US adds 224,000 jobs in June, allays fears of slowdown

WASHINGTON • Job creation roared back to life in the United States last month, wiping away fears of a slowdown as employers rushed to hire in the transportation, construction and other areas, the government reported yesterday.

The US jobs engine added 224,000 net new positions last month, smashing forecasts, the Labour Department said in the closely watched report, while the unemployment rate ticked up to 3.7 per cent as more workers stepped off the sidelines to enter the labour force.

After an unexpectedly weak May, the vigorous June rebound should quiet talk of a steep drop-off in economic activity.

But it could disappoint stock markets, which had been banking on an interest rate cut from the Federal Reserve following a batch of soft economic data.

Even with the latest numbers, job creation slowed to a monthly average of 172,000 in the first half of the year, down from the 223,000 a month in all of 2018.

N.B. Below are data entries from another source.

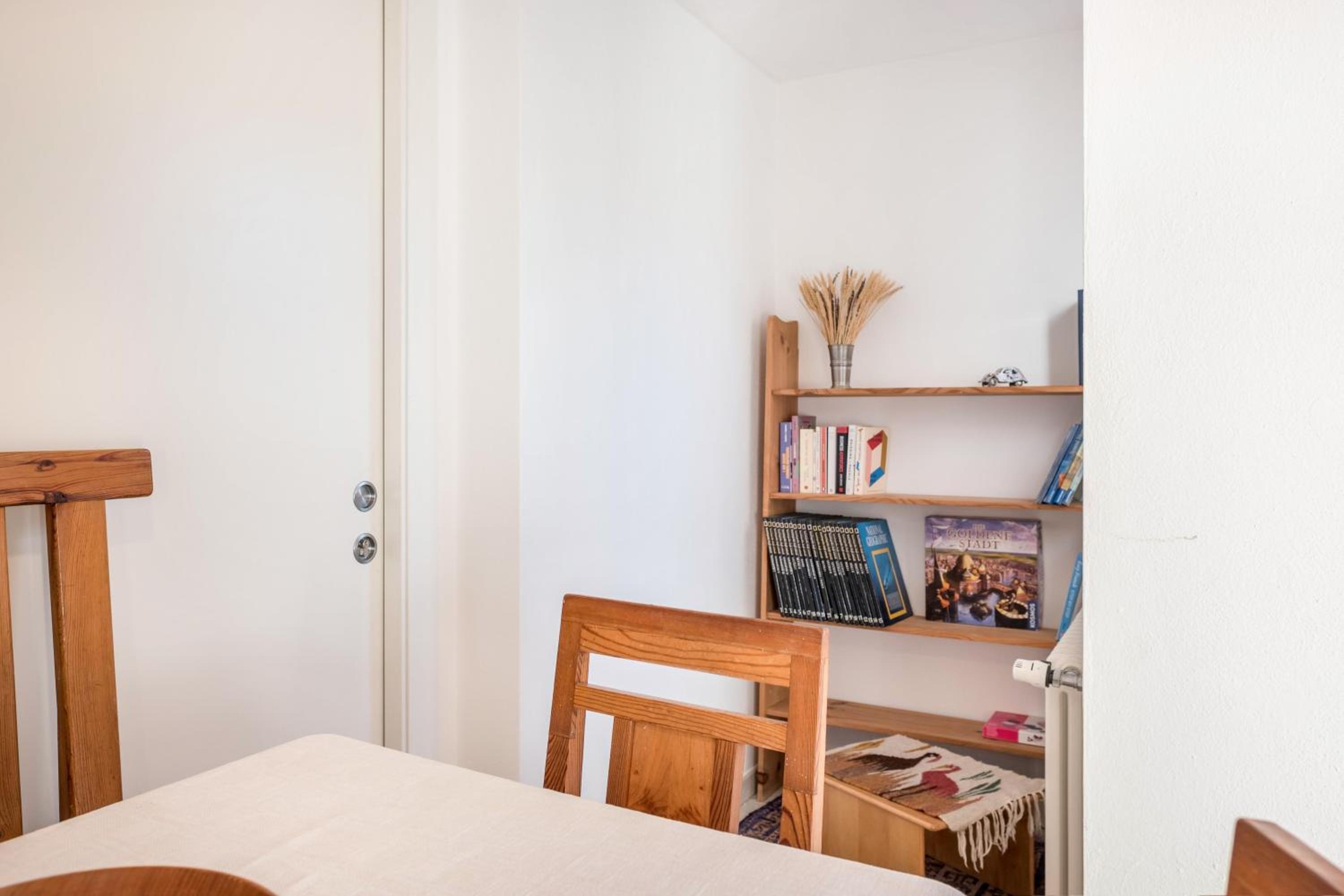 Superior One-Bedroom Apartment photo 3
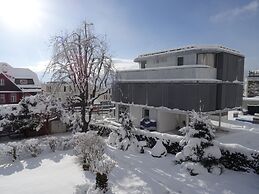 OMYXL Apartment
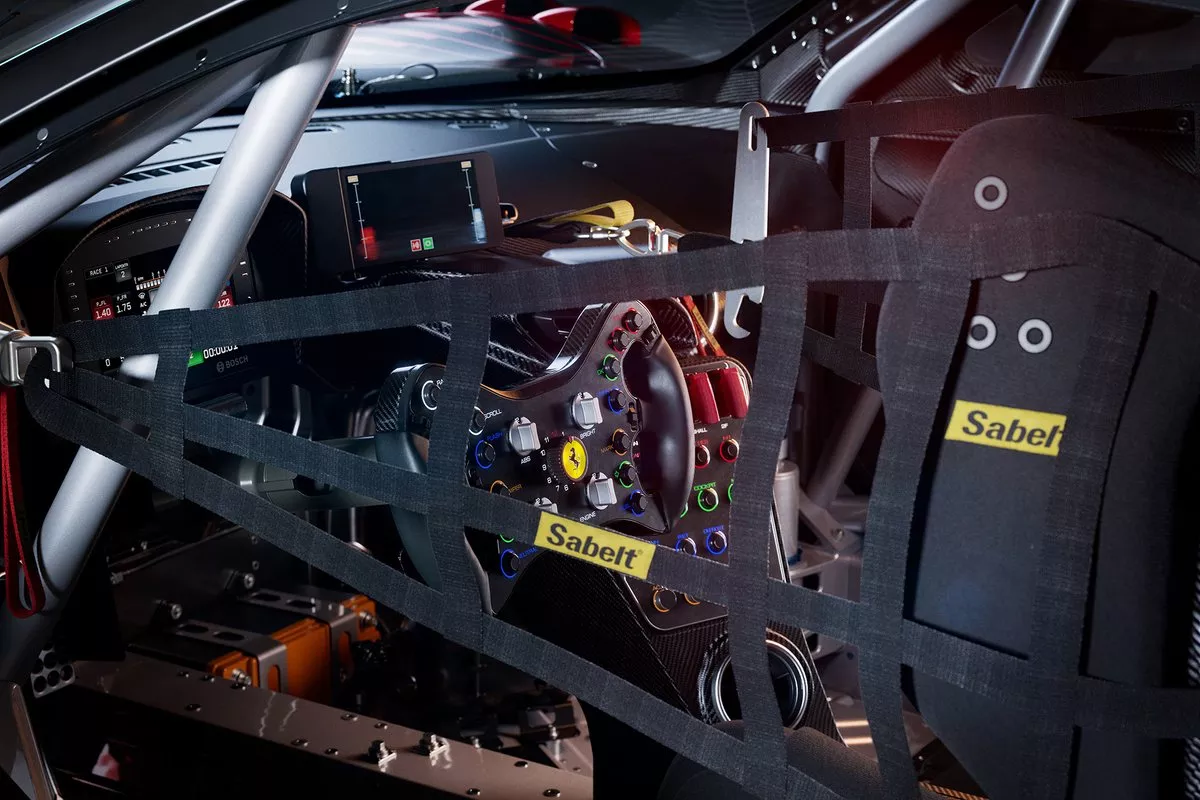 ferrari-296-gt3-cockpit-1.jpg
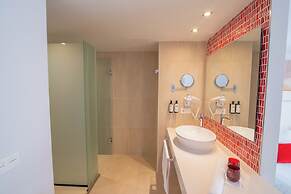 Aequora Lanzarote Suites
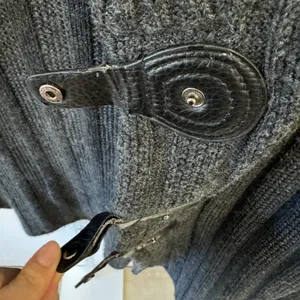 Y2K‎ Tahari Merino Wool Blend Ribbed Cardigan Sweater Gray Toggle Closure Medium thumbnail 8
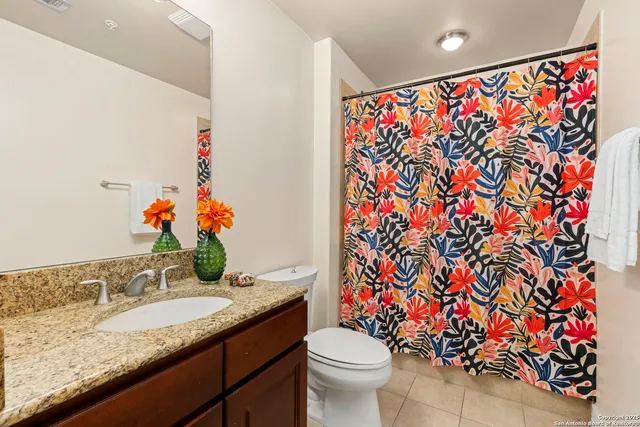 $342,000 | 215 Center Street, Unit 203, San Antonio, TX 78202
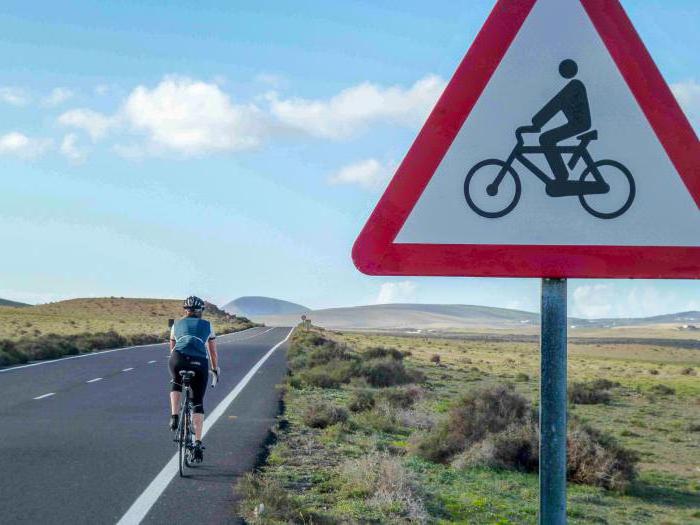 Ένα σημάδι που απαγορεύει την κυκλοφορία σε ένα ποδήλατο. Οδικές πινακίδες για ποδηλάτες. Ποδηλατικό μονοπάτι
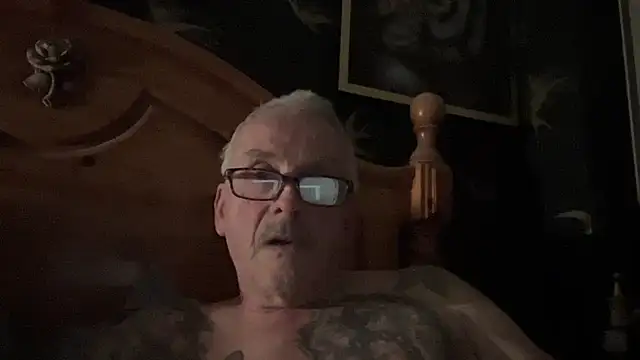 poggles online show from February 2026 08:06:01 PM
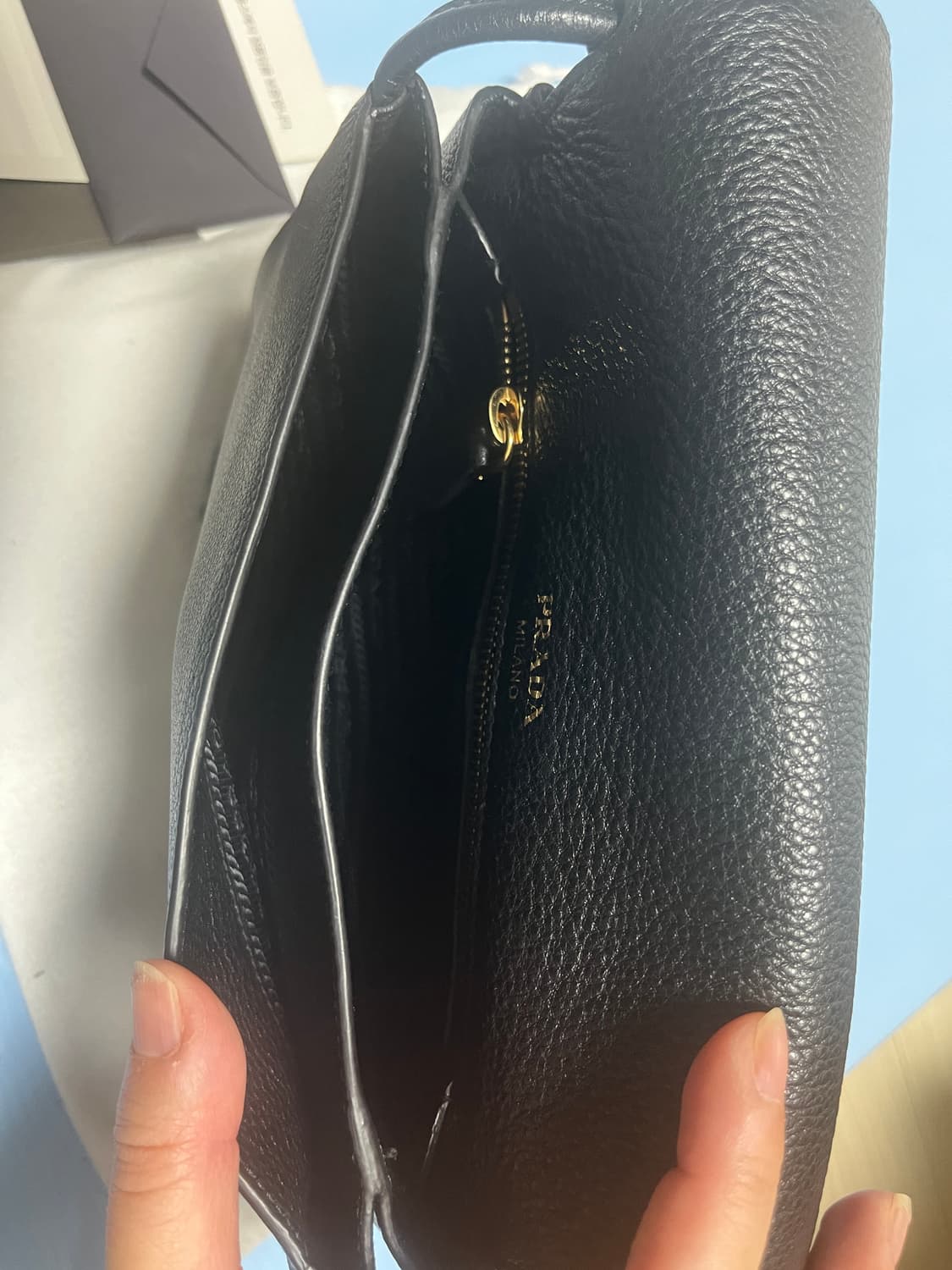 프라다 비텔로 블랙 미니 크로스백(1BH031) 상품이미지2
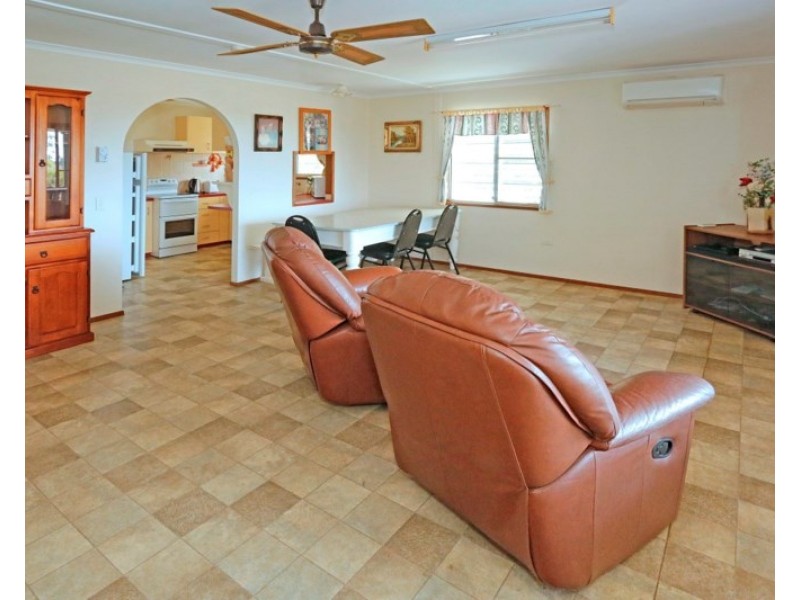 129 High Street, Bajool QLD 4699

Wage growth last month was short of expectations, as average hourly earnings rose just 0.2 per cent to US$27.90 (S$37.94). Economists had predicted a 0.3 per cent uptick.

Meanwhile, with more people coming off the sidelines of the labour market, the labour force participation rate rose a tenth of a point to 62.9 per cent, helping reverse some of the sharp recent declines. That helped drive the jobless rate back up to 3.7 per cent, still very low by historical standards.